Ms. Emilija Tudzarovska-Gjorgjievska, Project Officer, Macedonian Centre for International Cooperation (MCIC) presented the third policy brief on the role of media and CSOs in investigating the links between corruption and organized crime. She stressed that unemployment and the low wages of the Macedonian citizens are considered far more pressing problems compared to corruption and organized crime. At the same time 19.8% of the survey respondents perceive that all government officials are involved in corruption, and 42.2 % believe that most are involved. Money counterfeiting, bribes, money laundering and smuggling are among the most frequently encountered organized crimes according to the Ministry of Interior. At the same time the CSOs and the media still cannot strengthen their capacity to engage in the topics and the existing control over the media distorts the public opinion. This trend is of particular concern since media has substantial influence - 28.4% of the survey respondents confirm that their opinion is formed by the media. She noted that at the same time the freedom of the media is worsening according to various analysis, including the Freedom House index on the media freedom which decreased from 5.00 in 2013 to 4.47 in 2014. She concluded that there is need of stronger regulations for ensuring media freedom, and the free access to information. The CSOs and the media need to be trained in investigation methods.

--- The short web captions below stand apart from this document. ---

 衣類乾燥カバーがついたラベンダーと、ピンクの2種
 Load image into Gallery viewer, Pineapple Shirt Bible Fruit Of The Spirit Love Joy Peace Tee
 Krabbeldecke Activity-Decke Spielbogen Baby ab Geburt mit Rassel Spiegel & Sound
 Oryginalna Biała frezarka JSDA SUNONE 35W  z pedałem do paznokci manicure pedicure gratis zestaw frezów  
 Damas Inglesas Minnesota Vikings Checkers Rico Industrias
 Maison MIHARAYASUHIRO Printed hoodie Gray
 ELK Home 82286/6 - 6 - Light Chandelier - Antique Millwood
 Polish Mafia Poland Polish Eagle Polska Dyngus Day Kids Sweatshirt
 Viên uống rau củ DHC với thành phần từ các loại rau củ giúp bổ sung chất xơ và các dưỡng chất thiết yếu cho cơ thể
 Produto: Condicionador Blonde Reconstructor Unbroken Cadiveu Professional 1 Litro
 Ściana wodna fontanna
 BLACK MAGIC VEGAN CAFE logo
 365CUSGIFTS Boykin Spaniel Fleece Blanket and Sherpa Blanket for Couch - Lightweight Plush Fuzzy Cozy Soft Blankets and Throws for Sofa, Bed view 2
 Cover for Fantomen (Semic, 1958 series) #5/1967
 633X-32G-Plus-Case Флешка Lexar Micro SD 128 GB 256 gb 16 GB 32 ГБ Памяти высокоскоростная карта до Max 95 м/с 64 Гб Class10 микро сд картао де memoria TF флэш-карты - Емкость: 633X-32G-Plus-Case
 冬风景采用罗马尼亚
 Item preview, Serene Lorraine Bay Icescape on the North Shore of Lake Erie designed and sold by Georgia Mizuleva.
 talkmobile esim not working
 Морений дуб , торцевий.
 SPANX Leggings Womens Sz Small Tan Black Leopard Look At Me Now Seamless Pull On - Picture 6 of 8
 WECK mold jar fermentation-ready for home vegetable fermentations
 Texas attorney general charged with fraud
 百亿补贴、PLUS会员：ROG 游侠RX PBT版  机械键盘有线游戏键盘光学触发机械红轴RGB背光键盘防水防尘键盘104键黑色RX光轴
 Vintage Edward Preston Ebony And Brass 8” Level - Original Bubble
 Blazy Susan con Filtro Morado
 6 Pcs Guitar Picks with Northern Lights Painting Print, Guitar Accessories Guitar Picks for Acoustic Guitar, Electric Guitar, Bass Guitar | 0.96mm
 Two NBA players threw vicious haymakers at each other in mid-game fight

Mr. Ruslan Stefanov, Director of the Economic Program, Center for the Study of the Democracy underlined that while it is easier to exercise control at a smaller scale, in a global economy the challenge is greater and it is important to have a formal document outlining the procedures of organized crime and corruption threat assessment. In Bulgaria CSD worked closely with the Ministry of Interior on the adoption of the threat assessment methodology. Mr. Stefanov stressed that it is more important to look into the criminal transit routes than the single local markets related to organized crime. These routes create a dent and an illegal channel in the customs and border police, which can be used for other forms of illegal trafficking, such as weapons, human trafficking, etc. The media should start asking questions about the efficiency of the authorities in countering organized crime. The civil society and the media should also investigate what is happening at the high political level. Mr. Stefanov noted a typical trend for Eastern Europe - the influence of the organized crime over the judiciary. This is not the case in Western Europe, where, even in Italy, the judiciary and the prosecutors were able to provide the final control on corruption.

During the discussion Mr. Borjan Gjuzelov, Expert at the Macedonian Centre for International Cooperation (MCIC) noted that there is a vicious circle formed by the biased media which shows only one side of the story. The controlled media generates passive civil society that does not recognize the corruption and organized crime as important problems. This is confirmed by the perceptions of the respondents in the survey, according to which the corruption is the fifth most pressing problem, while in other countries it takes first or second place.